Au début de la communauté, les frères vivaient dans une très grande solitude. Il était rare qu’ils partent en retraite. Un de nos frères partait cependant vivre le carême au monastère de Tamié. Et les sœurs de Saint-André, qui pratiquent la spiritualité ignacienne et vivent près de Taizé, ont accompagné des frères dans les exercices spirituels de cette tradition dès les années 1970- 1980. Faire une retraite de trente jours fait partie de notre formation.
Avez-vous aussi pratiqué cet exercice?
Oui, et j’ai eu la grande joie en février 2023, pour accueillir la responsabilité qui m’était confiée, de faire dix jours de silence dans la communauté de Grandchamp (NE).
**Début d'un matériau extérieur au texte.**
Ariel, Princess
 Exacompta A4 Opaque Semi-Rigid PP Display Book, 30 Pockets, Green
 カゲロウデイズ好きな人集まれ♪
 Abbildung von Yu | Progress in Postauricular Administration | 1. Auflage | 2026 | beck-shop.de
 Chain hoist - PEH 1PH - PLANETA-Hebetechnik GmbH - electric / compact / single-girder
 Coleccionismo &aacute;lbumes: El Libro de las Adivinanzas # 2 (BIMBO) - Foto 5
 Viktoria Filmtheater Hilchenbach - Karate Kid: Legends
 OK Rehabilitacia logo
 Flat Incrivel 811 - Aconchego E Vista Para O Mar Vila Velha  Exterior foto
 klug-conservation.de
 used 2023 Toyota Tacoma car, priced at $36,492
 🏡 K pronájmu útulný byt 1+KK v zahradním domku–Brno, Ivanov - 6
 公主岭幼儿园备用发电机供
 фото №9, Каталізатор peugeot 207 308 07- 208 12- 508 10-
Ce cadre splendide, au bord du lac, et l’accompagnement par les sœurs ont constitué une excellente préparation pour ce qui m’attendait.
Qu’avez-vous recherché?
Me reposer en Dieu et me «re-poser» en lui. J’avais été très occupé, je cherchais une coupure – mais aussi à comprendre ce que l’Esprit voulait me dire. Le pire dans ma charge serait que je devienne une sorte d’administrateur! Nourrir sa vie intérieure est essentiel, il faut se donner de l’espace et du temps pour cela. Au cœur de notre appel, il y a la relation au Christ. Si je ne la nourris pas, elle ne peut pas grandir. Cela ne veut pas dire que je vis tout le temps des expériences fortes, mais il y a une fidélité à la vie intérieure. Pour ma part, avant la prière du matin, j’ai besoin d’un espace d’une heure pour une lecture biblique, une prière personnelle, sans laquelle je ne pourrais pas «fonctionner».
Et qu’avez-vous trouvé?
Un vécu découvert durant les exercices spirituels a été confirmé, un verset a refait surface: «Venez à moi, car je suis doux et humble de cœur» (Matthieu 11 : 28-29). Mon critère de discernement pour réaliser des choix, c’est «Qu’est-ce qui me conduit à devenir plus doux et humble?».
Quels conseils donneriez-vous à des retraitants?
Il faut au moins deux ou trois jours pour changer de registre et se recentrer. Si l’on veut vraiment aller dans les profondeurs, il faut s’en donner les moyens.
Voyez-vous aussi un risque à l’exercice?
Dans la rencontre entre Jésus et Nicodème, relatée dans la Bible, il est dit qu’à la fin, les humains choisissent les ténèbres, car ils ont peur d’être mis à la lumière de Dieu. Nous avons tous nos complexités. Mais je crois que cela devient compliqué quand on les cache, qu’on ne veut pas les regarder. La possibilité de se faire accompagner est pour moi très importante: rendre compte devant une autre personne permet de concrétiser la manière dont je rends compte à Dieu. Bien entendu, on ne peut pas tout dire, tout de suite. Le chemin de notre existence, c’est de nous réconcilier avec ce que l’on a en nous.